By default, the only requirements for a cottage food operation are a no-fee registration and a certificate. However, an individual health department has the option to charge a fee (up to $25 per year) for registration and mandate a home inspection, which may also incur a fee.

If you are only making baked goods, you can bypass the above requirements by becoming a home kitchen operation.


Sample Label

Chocolate Chip Cookies

"This product was produced in a home kitchen not subject to public health inspection that may also process common food allergens."

Forrager Cookie Company

123 Chewy Way, Cookietown, IL 73531

Ingredients: enriched flour (wheat flour, malted barley flour, niacin, iron, thiamin mononitrate, riboflavin, folic acid), butter (cream, salt), semi-sweet chocolate (sugar, chocolate, cocoa butter, milkfat, soy lecithin, natural flavors), brown sugar, granulated sugar, eggs, vanilla extract (vanilla bean extract, alcohol, sugar), baking soda, salt (salt, calcium silicate)

Contains: milk, eggs, wheat, soy

Produced on 8/30/2015


In addition to (or instead of) your home kitchen, you can use another residential or commercial kitchen on your property.


Law Dates
January 2012
SB 0840
June 2014
HB 5354
June 2014
HB 5657
January 2016
HB 2486
This page was last updated on


Hi my son wants to sell cheesecakes and I was wondering would he be able to sell them under these particular regulations or if you can give me advice about what Avenue he would take to do so. This will be a home based business these would be mostly special orders packed and distributed immediately from a cooling station, also will he need some type of license for baking or cooking.

Hi. I’m looking into starting a business with cupcakes, cookies, and chocolates covered foods. Where would the chocolate covered food fall under?

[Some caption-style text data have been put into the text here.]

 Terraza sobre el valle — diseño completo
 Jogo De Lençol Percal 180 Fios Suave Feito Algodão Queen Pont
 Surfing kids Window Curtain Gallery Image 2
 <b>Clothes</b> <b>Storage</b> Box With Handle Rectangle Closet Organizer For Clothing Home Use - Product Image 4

A friend of mine purchased a truck. Which the turned into a food truck. But there is no cooking done on the truck. All food is prepared on the grill. Ribs, chicken, pulled pork, hot dogs etc. All the food is washed and prepared in the house. But not cooked until we get to the site. The only thing that is done on the truck is keeping the food warm and packaging. Winnebago Health Dept. will not allow it because there is no commercial kitcken. But went to another county in IL and no problem with them. But the location is an hour 1/2 hr there and back.

    Quite frankly, I’m shocked that an IL county’s health dept has no problem with meat being prepared and cooked in a home kitchen and then sold. It is their job to prevent that from happening.

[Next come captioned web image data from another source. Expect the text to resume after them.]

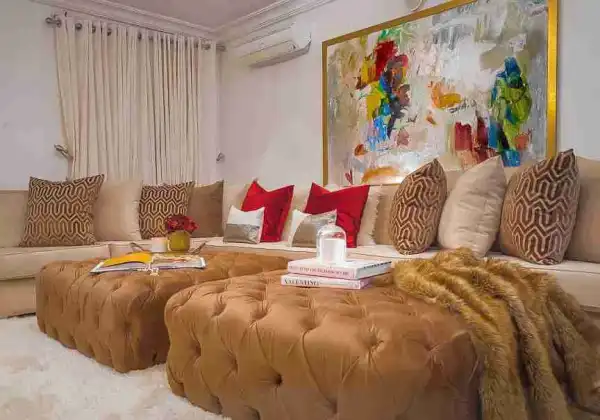 OAP Toke Makinwa Shares Photos Of Her Beautiful Home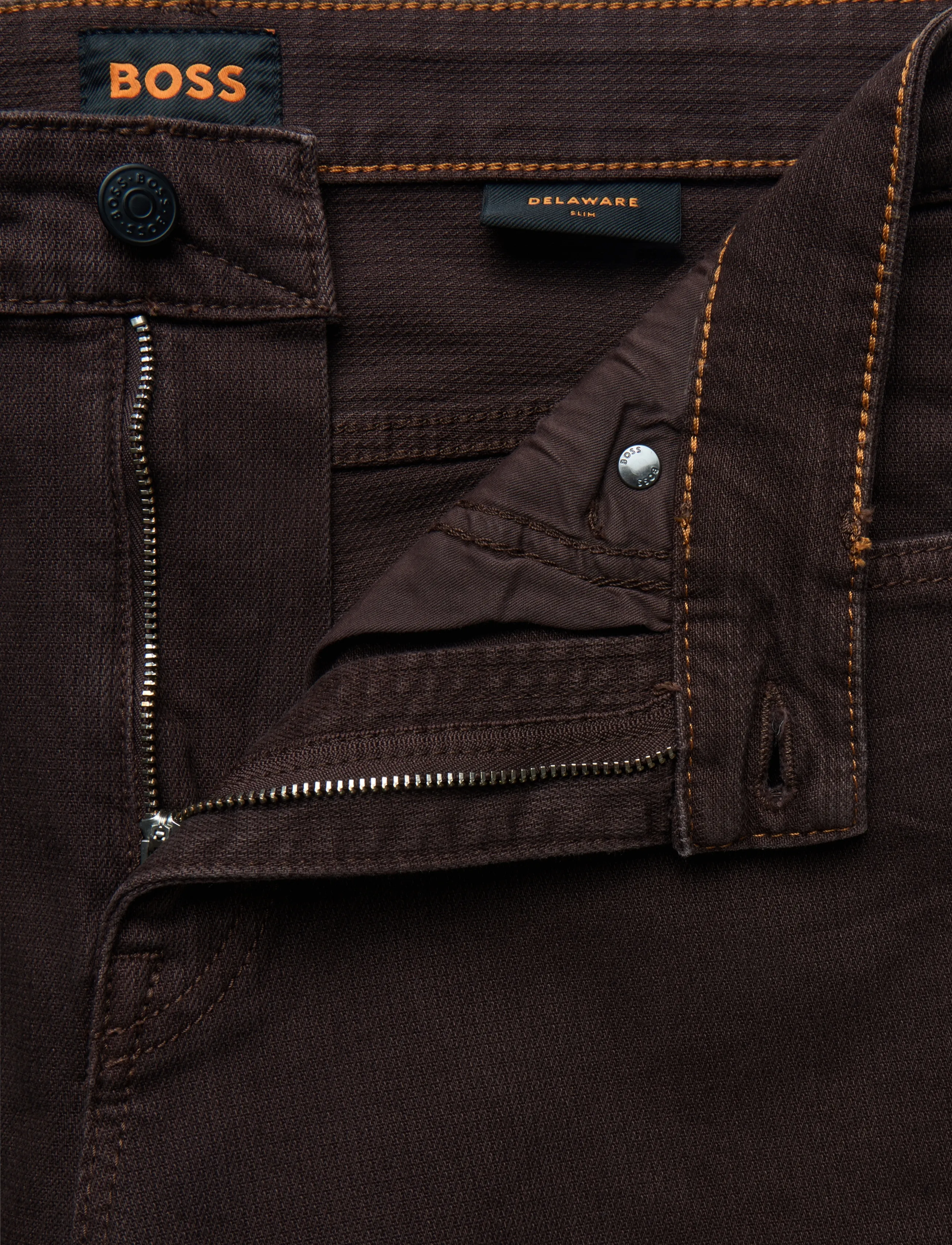 BOSS - DELAWARE BO - slim jeans - dark brown - 3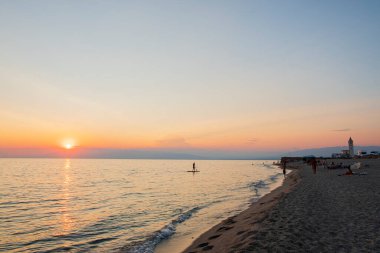 Las Salinas Plajı, Cabo de Gata, Almerya, Güney İspanya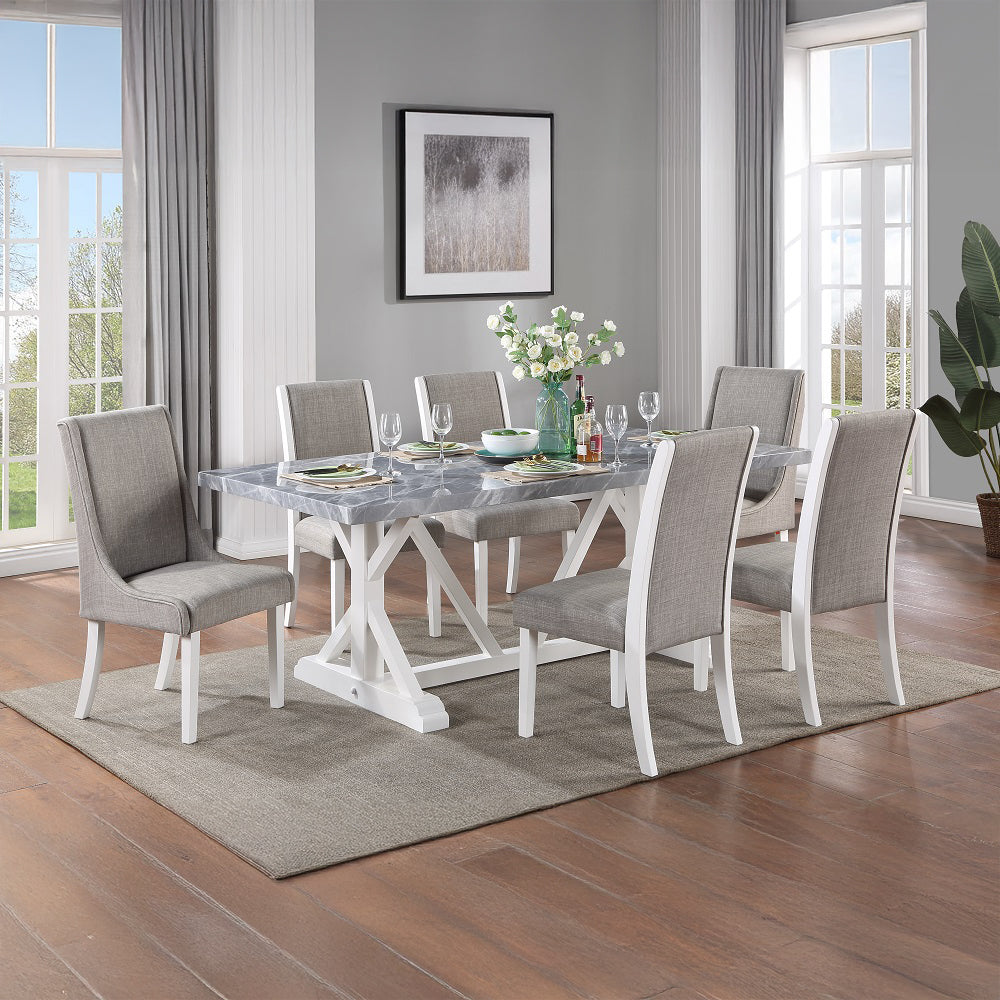 ACME Hollyn Dining Table – close-up – Lusso Furniture Miami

I make dip mixes from commercial spices (McCormick, etc.). I blend and package in my home kitchen. Is this allowed? And, can they be sold at Craft/Vendor Fairs?

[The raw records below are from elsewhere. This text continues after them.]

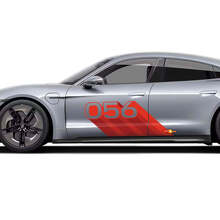 Nummer 9 Seiten Tür Vinyl Aufkleber Set für Porsche Taycan_4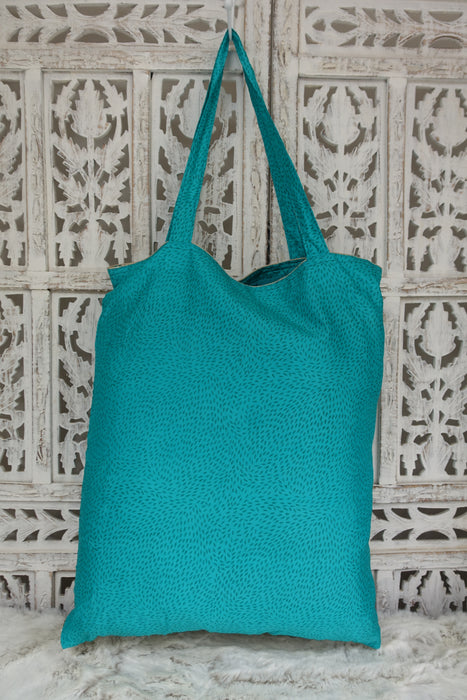 Jade Green Tissue Silk Tote Bag - New - Indian Suit Company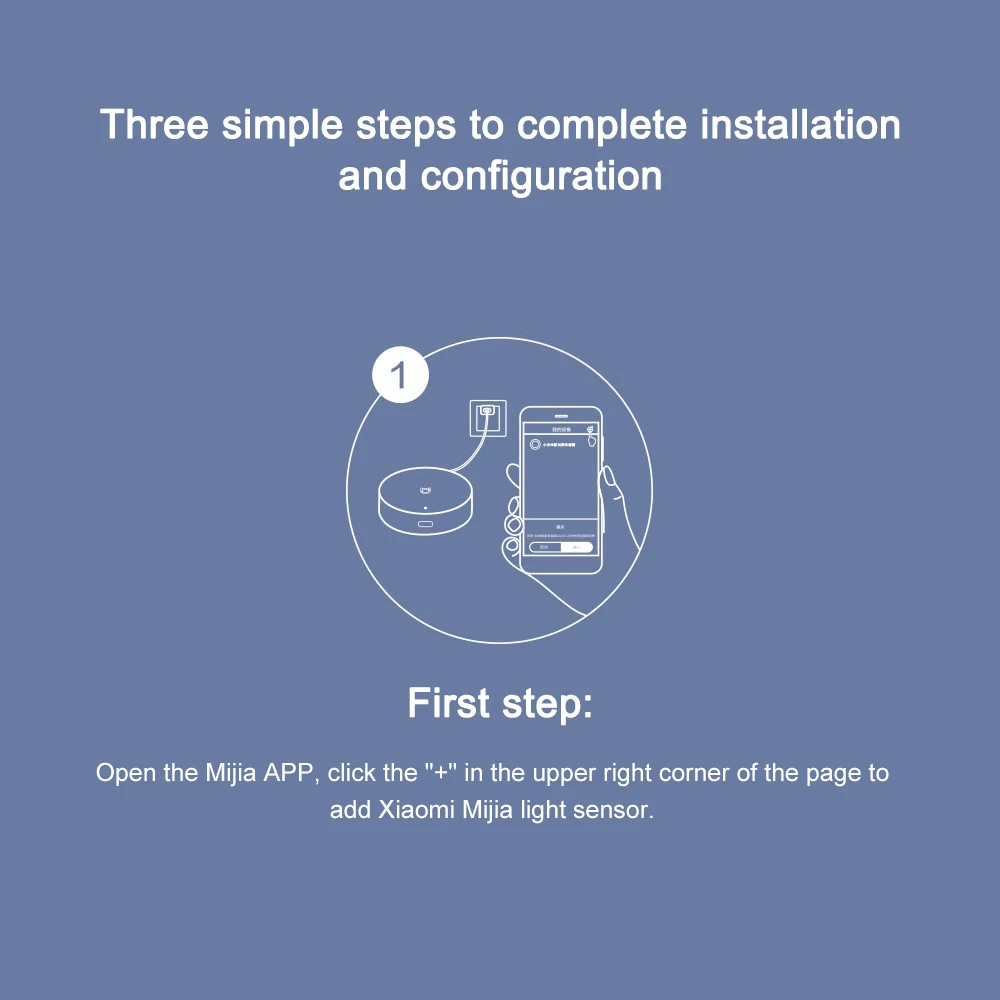 

Xiaomi Mijia Smart Home Light Sensor Zigbee 3.0 Light Detection Waterproof Light Works With Mijia With Smart Multi-mode Gateway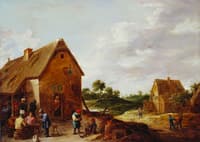 Peasants outside a Country Inn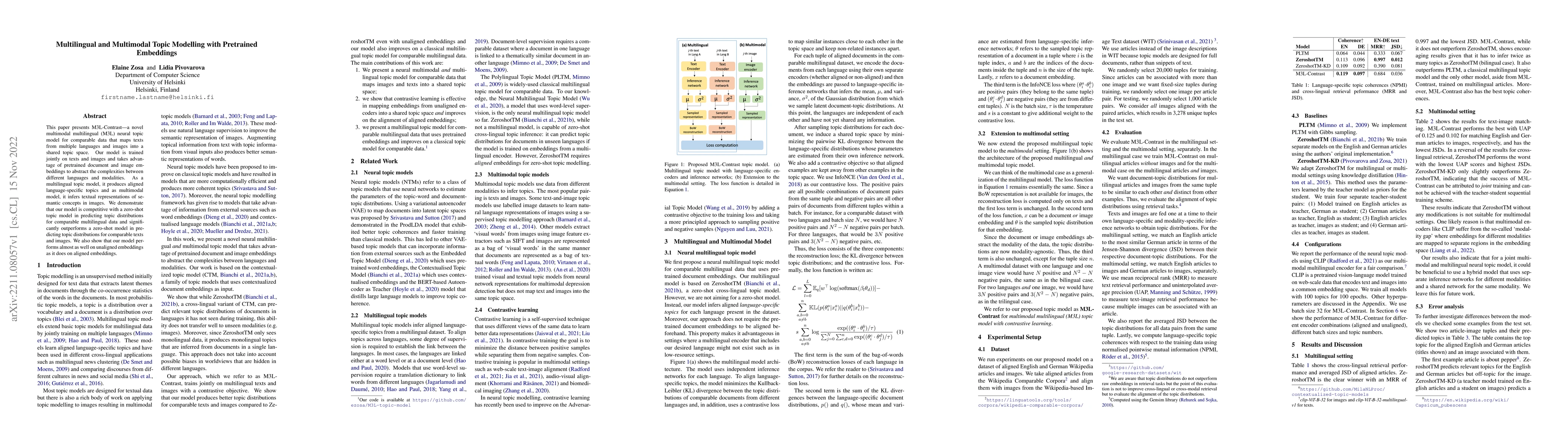 Thumbnail for Multilingual and Multimodal Topic Modelling with Pretrained Embeddings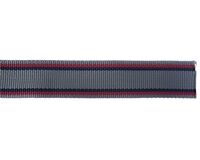 Gurtband, PP, 40 mm, farbig gestreift (grau/blau/beige)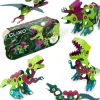 CLIXO Układanka magnetyczna Dinozaury , 36 elementy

I’ve been loking over regulations, and requirements, but I still have a question whether if im trying to start a “meat sauce” a BBQ like sauce that would taste good “on all meats” ( not including seafood and seafood like dishes” would I still have to find a commercial kitchen or can I make the sauce in a home kitchen?


I am looking into a pasta sauce venture. It looks as if the cottage law does not apply to this. Do you know where I could find information about pasta sauces, most likely containing tomatoes?


Hi there. I have a friend who is looking to start a lollipop business. I am assuming that doesn’t fall under the category of baked candy. Is there any other way she can do this without a commercial kitchen. Thanks.